I think about saying sewage and blood, but I answer, “No.”
“And you didn’t experience any profound feelings at that moment? Euphoria? Anger?”
“Panic. Just panic and fear and wanting to leave.”
“Okay.” He looks at me for a long time, thinking. “I suppose it could be an absence seizure,” he says finally.
“Pardon me?”
“Absence seizure. But they are more common in children.” His forehead furrows. “There are dozens of types of partial seizures. I will order a full blood screen, of course, okay? Rule things out. And we can do some tests on your brain, yes?”
“Now?”
“No. no. There is quite a queue for these procedures, I’m
afraid. There are some good options, Madeline. There is more than one way to look for problems, if you will, in the brain. I would suggest we schedule an MRI, which will tell me about the structure of your brain. In addition, I suggest we schedule an EEG, which will tell me about the way your brain is functioning by looking at its electrical activity. The MRI is perhaps better when looking for damage from injuries. I must tell you, though, we often end up doing both exams without a definitive answer.”

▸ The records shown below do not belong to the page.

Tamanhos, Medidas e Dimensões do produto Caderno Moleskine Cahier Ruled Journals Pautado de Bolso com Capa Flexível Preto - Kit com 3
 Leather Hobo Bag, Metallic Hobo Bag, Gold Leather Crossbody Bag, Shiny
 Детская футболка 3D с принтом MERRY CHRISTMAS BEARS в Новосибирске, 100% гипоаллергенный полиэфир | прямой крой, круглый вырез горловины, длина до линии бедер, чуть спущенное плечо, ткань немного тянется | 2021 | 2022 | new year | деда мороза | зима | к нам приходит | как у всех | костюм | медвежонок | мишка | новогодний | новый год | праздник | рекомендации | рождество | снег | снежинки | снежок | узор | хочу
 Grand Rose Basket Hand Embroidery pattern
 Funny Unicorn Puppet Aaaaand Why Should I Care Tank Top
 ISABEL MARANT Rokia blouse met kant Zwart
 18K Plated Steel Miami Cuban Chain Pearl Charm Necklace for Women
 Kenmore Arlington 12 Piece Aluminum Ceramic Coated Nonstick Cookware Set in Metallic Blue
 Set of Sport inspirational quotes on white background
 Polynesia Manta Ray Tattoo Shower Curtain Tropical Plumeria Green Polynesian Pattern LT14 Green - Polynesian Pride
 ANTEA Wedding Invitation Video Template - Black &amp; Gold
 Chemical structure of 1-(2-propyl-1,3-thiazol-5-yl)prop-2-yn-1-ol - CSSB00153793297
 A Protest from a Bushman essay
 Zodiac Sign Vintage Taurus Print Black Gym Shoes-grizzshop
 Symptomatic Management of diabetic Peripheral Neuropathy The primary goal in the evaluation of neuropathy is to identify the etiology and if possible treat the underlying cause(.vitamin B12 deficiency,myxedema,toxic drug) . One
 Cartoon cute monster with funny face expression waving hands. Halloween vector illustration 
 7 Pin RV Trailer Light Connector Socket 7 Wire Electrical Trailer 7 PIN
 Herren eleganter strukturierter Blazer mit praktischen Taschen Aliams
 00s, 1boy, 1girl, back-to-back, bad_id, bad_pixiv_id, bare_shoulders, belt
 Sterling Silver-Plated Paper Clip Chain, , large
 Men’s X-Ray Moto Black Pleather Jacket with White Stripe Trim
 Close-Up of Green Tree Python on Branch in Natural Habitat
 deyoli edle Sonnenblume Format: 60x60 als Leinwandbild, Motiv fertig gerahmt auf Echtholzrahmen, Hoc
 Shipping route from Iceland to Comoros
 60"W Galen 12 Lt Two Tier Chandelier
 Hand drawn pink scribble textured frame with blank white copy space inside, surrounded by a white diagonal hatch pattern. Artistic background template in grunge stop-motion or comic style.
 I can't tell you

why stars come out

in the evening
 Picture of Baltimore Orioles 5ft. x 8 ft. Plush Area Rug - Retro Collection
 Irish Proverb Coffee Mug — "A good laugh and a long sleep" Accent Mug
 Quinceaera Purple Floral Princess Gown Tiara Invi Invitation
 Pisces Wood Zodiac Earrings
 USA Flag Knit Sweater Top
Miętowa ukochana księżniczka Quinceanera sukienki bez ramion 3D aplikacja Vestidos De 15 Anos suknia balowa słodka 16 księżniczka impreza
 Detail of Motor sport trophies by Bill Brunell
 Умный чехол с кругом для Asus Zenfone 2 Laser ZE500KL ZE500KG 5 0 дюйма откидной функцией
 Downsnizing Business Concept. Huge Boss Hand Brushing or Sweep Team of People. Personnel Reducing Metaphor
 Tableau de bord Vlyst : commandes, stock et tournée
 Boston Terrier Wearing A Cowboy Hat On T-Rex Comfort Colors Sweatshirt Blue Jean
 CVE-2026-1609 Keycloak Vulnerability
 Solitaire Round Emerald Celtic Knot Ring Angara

“Can I think about it? My husband is a private contractor, and I’m not working right now. I’m staying at home with my little son at the moment, so we have a huge insurance deductible. I’ll probably have to pay the full cost of whatever I choose, and with no guarantee...”
“I completely understand, Madeline.” He offers me his willowy handshake again. “Before you go?”
“Yes?”
“I’m always interested in how certain areas of damage affect behavior.” He reaches out and softly lays his hand along the side of my cheek, just beside the scar, and squints down at me with fascination. “It would not surprise me if we find you have suffered a frontal lobe injury.”
“Is that really bad?”
“Not always. But it can be. Especially in the case of repetitive injury, which is fortunately not the situation with you. In rare instances, people have woken up from a brain injury with a new ability. One man in New Jersey hit his head diving into a pool and when he emerged from his coma he could suddenly play the piano.”
“Wow,” I say loudly, impressed.
Dr. Roberts is so thrilled by my reaction that he claps his hands together and says, “It’s true. But that is the exception, not the rule. More often we find that traumatic brain injuries result in more common everyday ailments and problems. Aggression, negativity, intolerance. And like with you, anxiety.”